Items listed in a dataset
★ ★ ★ ★

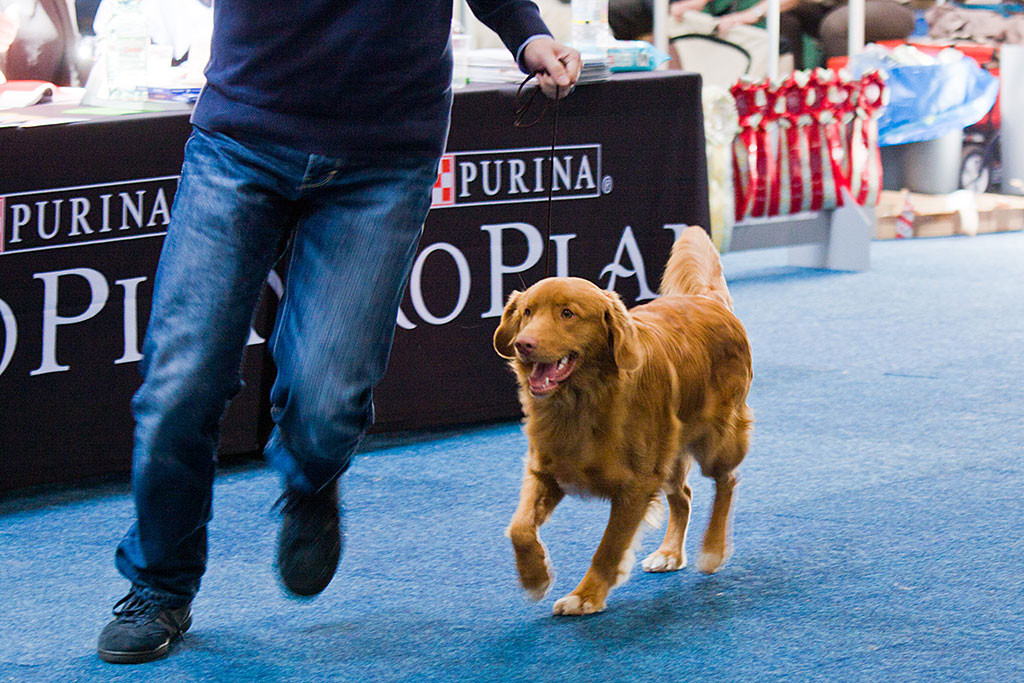 Edison läuft mit Stephan bei der Wahl zum besten Junghund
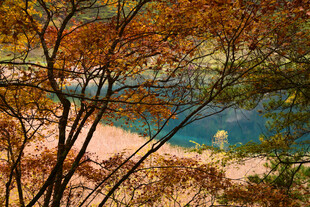 秋日湖畔斑斓树林景致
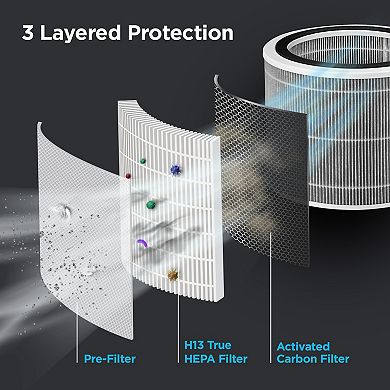 CUCKOO 2-Stage H13 True HEPA Air Purifier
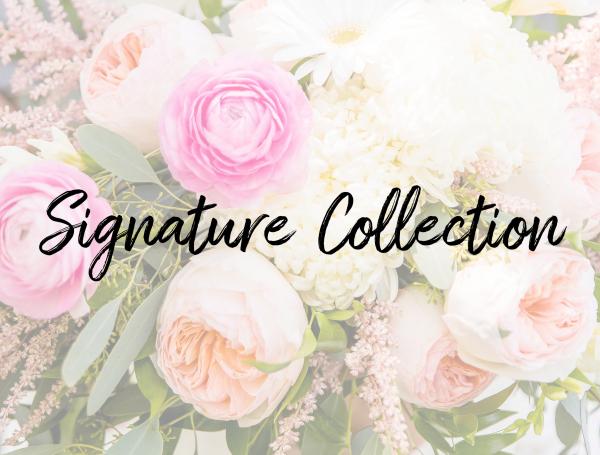 Signature Collection picture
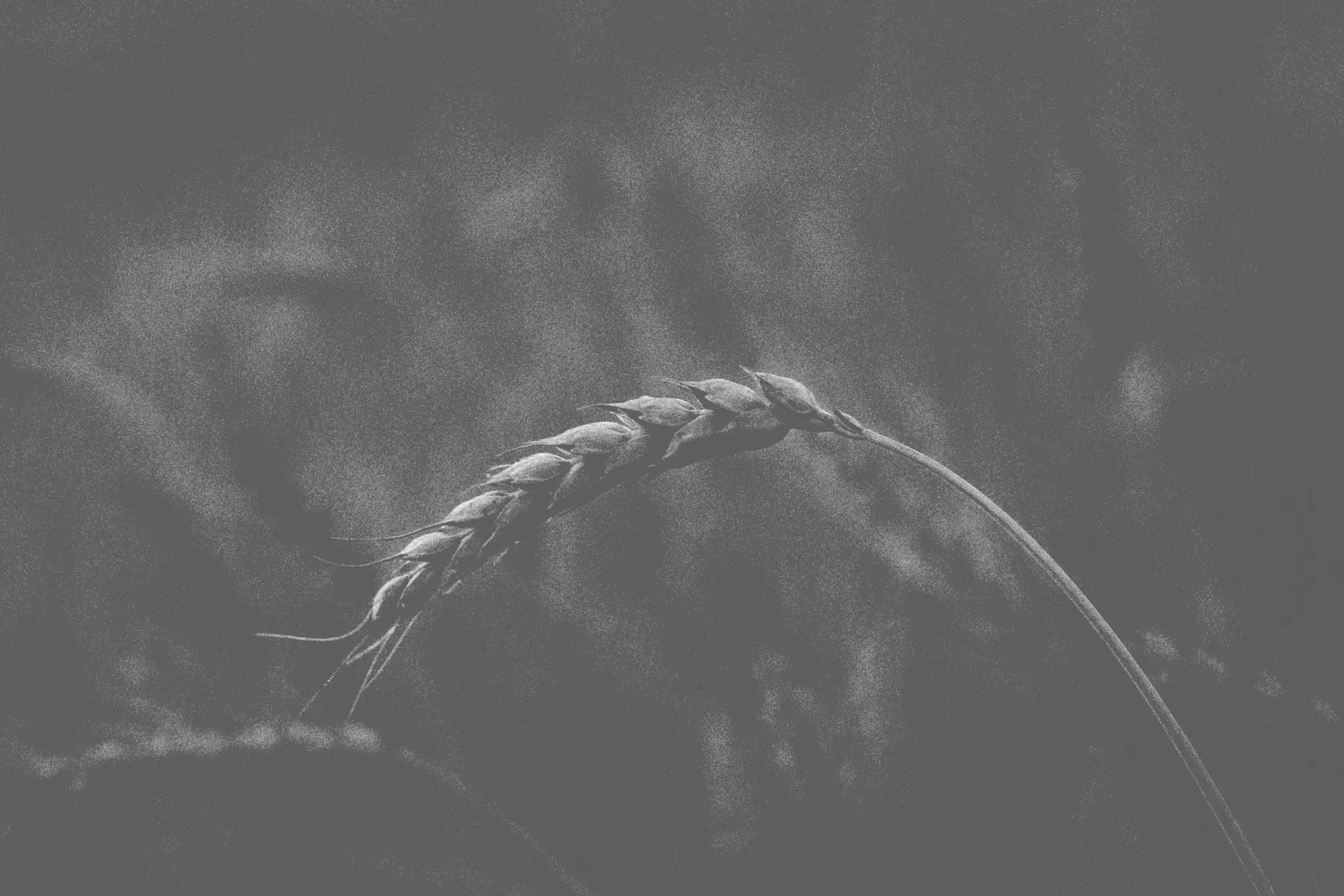 3b5ea96afb6601d1a9ee48582f99108798e5bd3f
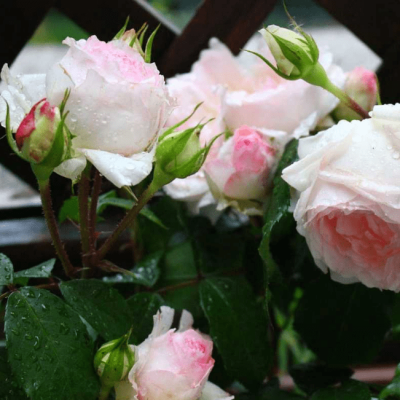 Роза Стефани Баронин цу Гуттенберг Роза Стефани Баронин цу Гуттенберг фото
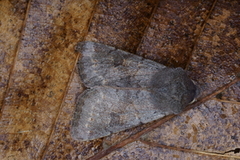 Clouded Drab (Orthosia incerta)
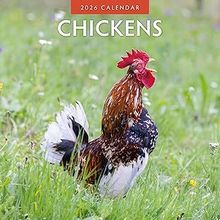 Chickens 2026 Wall Calendar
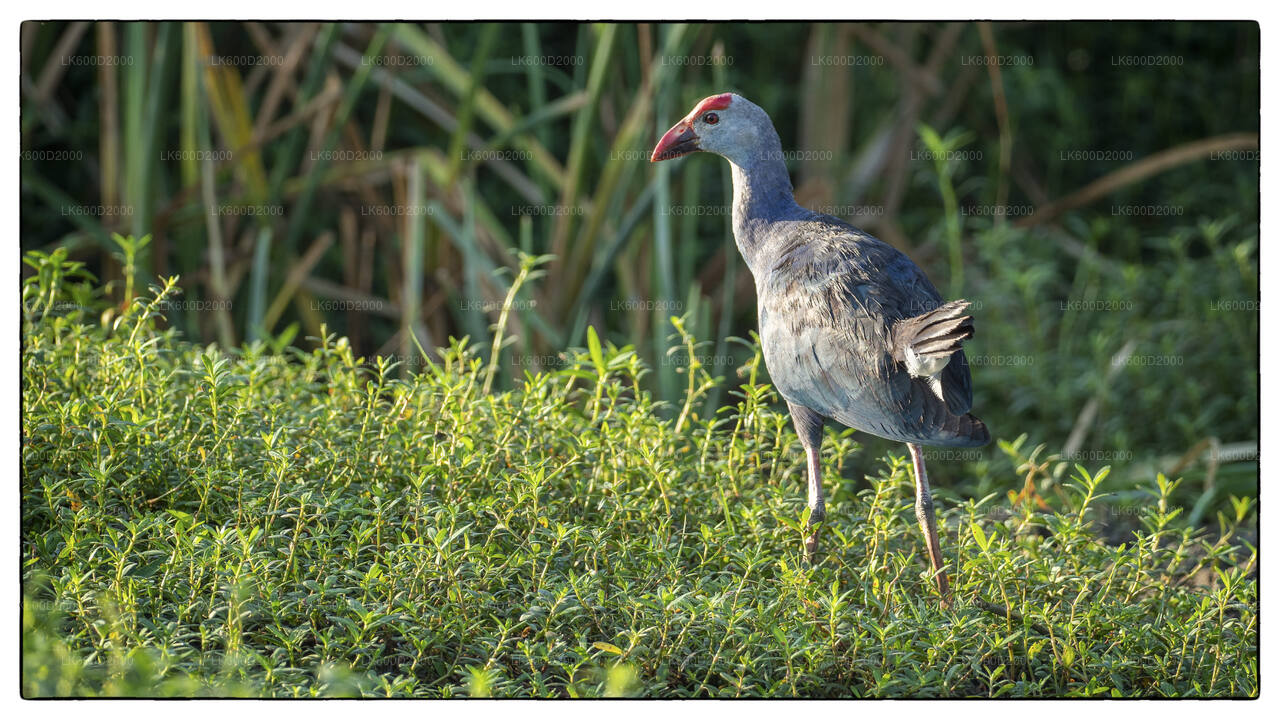 Bundala National Park Safari from Bentota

★ ★ ★ ★

Begin at the first line of the entries and end at the line containing "3b5ea96afb6601d1a9ee48582f99108798e5bd3f": write out each line exactly, skipping pictures.

◆ **ANSWER TO THIS TASK**
 Edison läuft mit Stephan bei der Wahl zum besten Junghund
 秋日湖畔斑斓树林景致
 CUCKOO 2-Stage H13 True HEPA Air Purifier
 Signature Collection picture
 3b5ea96afb6601d1a9ee48582f99108798e5bd3f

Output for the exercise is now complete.